Lazhar AkremiL’affaire du meeting de Nidaa Tounes à Sousse suscite de plus en plus la polémique. Le parti de Beji Caïd Essebsi accuse les autorités locales, gouvernerat, municipalité et délégation spéciale, d’avoir tout fait dans le but de saboter le meeting. Suite à cet incident, le propriétaire de la salle de cinéma dans laquelle devait se dérouler la réunion de Nidaa se trouve actuellement à l’hôpital et déclare avoir fait l’objet d’agression de la part des forces de l’ordre.

Sur Jawhara FM, le gouverneur de Sousse dément les accusations de Mohammed Khames Dabbou, propriétaire de la salle de cinéma, et assure ne lui avoir jamais téléphoné, ni exercé aucune pression sur lui, ni donné aucune instruction pour démolir son cinéma, chose qui relève de la municipalité précise-t-il. Aussi, il affirme avoir donné l’autorisation légale à la tenue du meeting de Nidaa et soutient vouloir ouvrir une enquête sur les faits rapportés par M.Dabbou et porter plainte pour usurpation des faits, vu que M.Dabbou affirme avoir été contacté par le gouvernorat. Il précise aussi que la partie démolie est en fait une construction externe au cinéma qui faisait office de garage.

Lazhar Akremi, porte-parole de Nidaa Tounes, intervenant sur les ondes de Jawhara FM au même moment que le gouverneur, donne un autre son de cloche à cette affaire. «Sous ben Ali nous avions 24 gouverneurs du RCD. Aujourd’hui nous avons 24 gouverneurs islamistes», affirme-t-il, avant d’ajouter que Nidaa Tounes avait vécu des incidents similaires avec le gouverneur de Gafsa qui avait fourni beaucoup d’effort en vue de saboter un discours de Beji Caïd Essebsi dans la ville.

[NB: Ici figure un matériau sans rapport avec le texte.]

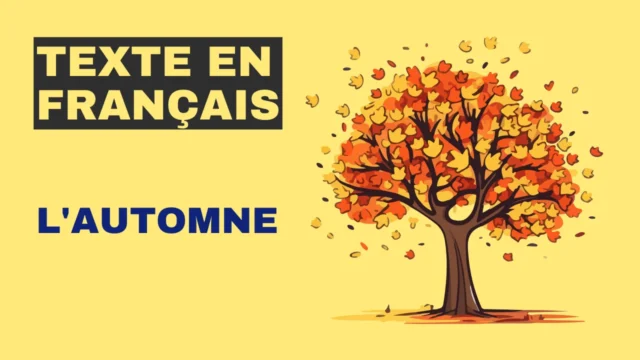 Texte en français : L'automne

Lazhar Akremi estime que cette manoeuvre relève de l’oppression et qu’il viendra un jour où ces oppresseurs seront aussi jugés comme l’a été Ben Ali. Il affirme que le pouvoir en place est adepte de ces méthodes, et ont recours aux gouverneurs, partisans d’Ennahdha, afin de réprimer les opposants. Des méthodes en contradiction avec leurs discours ajoute-t-il.

Interrogé sur les conséquences de cet incident sur la tenue de la conférence de dialogue national, Lazhar Akremi affirme que : «Le dialogue national est un dialogue des sourds, c’est un mensonge national. Ceux qui sont au pouvoir ne donnent aucun délai, ni date limite. Ils infiltrent l’administration, la police et la justice… Concrètement, il n’y a pas de dialogue national, c’est juste une manipulation pour pouvoir faire main basse sur l’appareil de l’État.»,
Il conclut en affirmant que Nidaa Tounes a officiellement porté plainte contre le gouverneur de Sousse.